Zinsspanne: Die Zinsen für Ratenkredite gehen weit auseinander: Günstige Banken wie Noris- oder Ikano Bank berechnen für einen 5000-Euro-Kredit mit 36 Monaten Laufzeit 4,9 beziehungsweise 4,99 Prozent Effektivzins. Die Sparkassen Berlin und Leipzig verlangen dagegen 11,6 beziehungsweise 11,9 Prozent. Der mehr als doppelt so hohe Zins verursacht Mehrkosten von über 500 Euro. Ein gründlicher Zinsvergleich ist also dringend geboten.

Bearbeitungsgebühren: Zweiter Kostentreiber sind Bearbeitungsgebühren, die auch die neue Kreditrichtlinie nicht ausschließt. Banken berechnen häufig ein bis drei Prozent für die Krediteinrichtung. Das gilt nicht nur für Filialbanken, auch mancher Onlinekredit kostet: So stellen Audi Bank direct 3,0 Prozent, Santander Consumer Bank und Credit-Discount sogar je 3,50 Prozent in Rechnung. Bei 60 Monaten Laufzeit und 7,49 Prozent Effektivzins verteuert dies die Monatsrate um sieben Euro. Über die Jahre entstehen Mehrkosten von 420 Euro, sofern die Kreditgebühr nicht separat bezahlt, sondern mitfinanziert wird. Nachteil: Bei vorzeitiger Kredittilgung behalten fast alle Banken die Bearbeitungsgebühr ein. Gebührenfreie Kredite bieten Norisbank, BB Bank, Comdirect, ING-Diba, Ikano-Bank und viele PSD Banken.

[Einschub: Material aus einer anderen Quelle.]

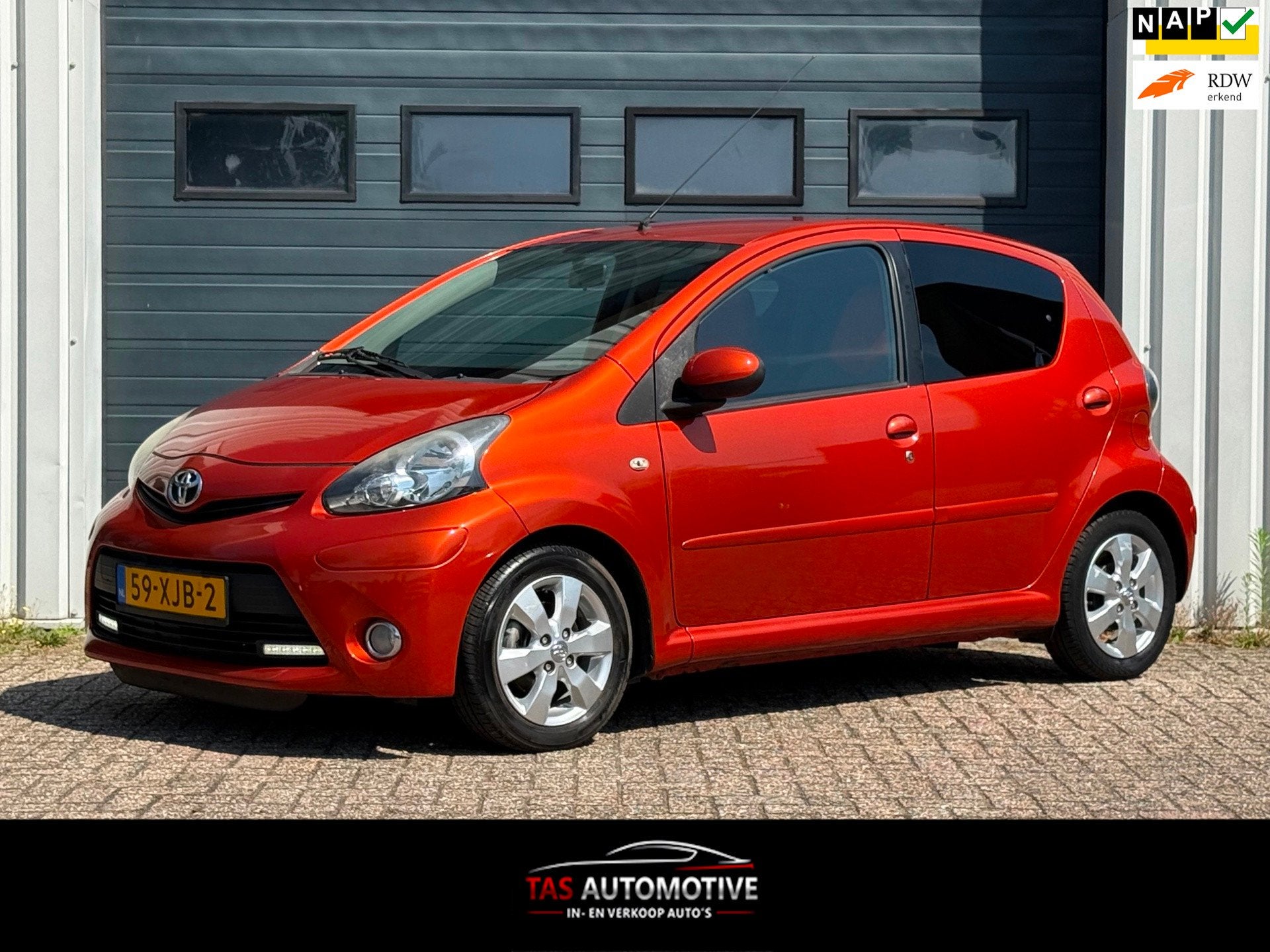 Toyota Aygo 1.0 VVT-i Dynamic Orange 2e EIG/AUTOMAAT/AIRCO, Euro 5, Gebruikt, Overige kleuren, 4 stoelen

Vorfälligkeitsentschädigung: Nach der neuen Kreditrichtlinie sind Ratendarlehen jederzeit ganz oder teilweise rückzahlbar. Verbraucherschützer sind dennoch nicht begeistert: „Die Neuregelung verschlechtert die Position des Verbrauchers”, kritisiert Gerd Billen, Vorstand des Bundesverbandes der Verbraucherzentralen (VZBV). Denn Banken dürfen bei vorzeitiger Rückzahlung jetzt eine Entschädigung verlangen. Die Strafgebühr ist auf ein Prozent des vorzeitig zurückgezahlten Betrages begrenzt.

Bei einer Restlaufzeit des Darlehens von weniger als einem Jahr fallen 0,5 Prozent an. „Der Mehrwert durch die frühe Kündigungsmöglichkeit ist zu gering, um die Vorfälligkeitsentschädigung generell zu rechtfertigen”, kritisiert Billen. Berechnet eine Bank ein Prozent Ausfallentschädigung, fallen bei einem Restdarlehen von 6500 Euro 65 Euro Gebühr an. Nach altem Recht konnte man nach Ablauf von sechs Monaten den Kredit mit einer Frist von drei Monaten ohne Kosten kündigen. Positiv: Einige Banken verzichten weiterhin auf die Vorfälligkeitsentschädigung, zum Beispiel Deutsche Bank, DKB Bank oder Sparda Bank München.

Restschuldversicherung: Fast alle Banken weisen ihre Kunden auf Absicherungsmöglichkeiten gegen Zahlungsausfall hin. Die Restschuldversicherung übernimmt ausstehende Kreditraten bei Krankheit, Arbeitslosigkeit oder Tod. Die Kosten dafür sind happig, weswegen Banken diese gern verschweigen. Rechtlich ist das nicht zu beanstanden, denn nach der neuen Kreditrichtlinie sind die Prämien nicht im Effektivzins anzugeben, wenn das Darlehen ohne Versicherungsschutz zu gleichen Konditionen zu haben ist. Thomas Bieler von der ING-Diba kritisiert: „Restschuldpolicen können die Kreditkosten verdoppeln.”

So verteuern sich beispielsweise fünfjährige Ratenkredite mit Versicherungsschutz von 6,7 auf 13,17 Prozent Effektivzins. Dabei ist der Nutzen durchaus fragwürdig, denn bei Arbeitslosigkeit zahlt die Police häufig erst nach mehrwöchiger Karenzzeit und auch nur zwölf oder 18 Monate lang. Bei Kleinkrediten lohnt die Versicherung kaum. Die ING-Diba bietet diese Police daher gar nicht mehr an.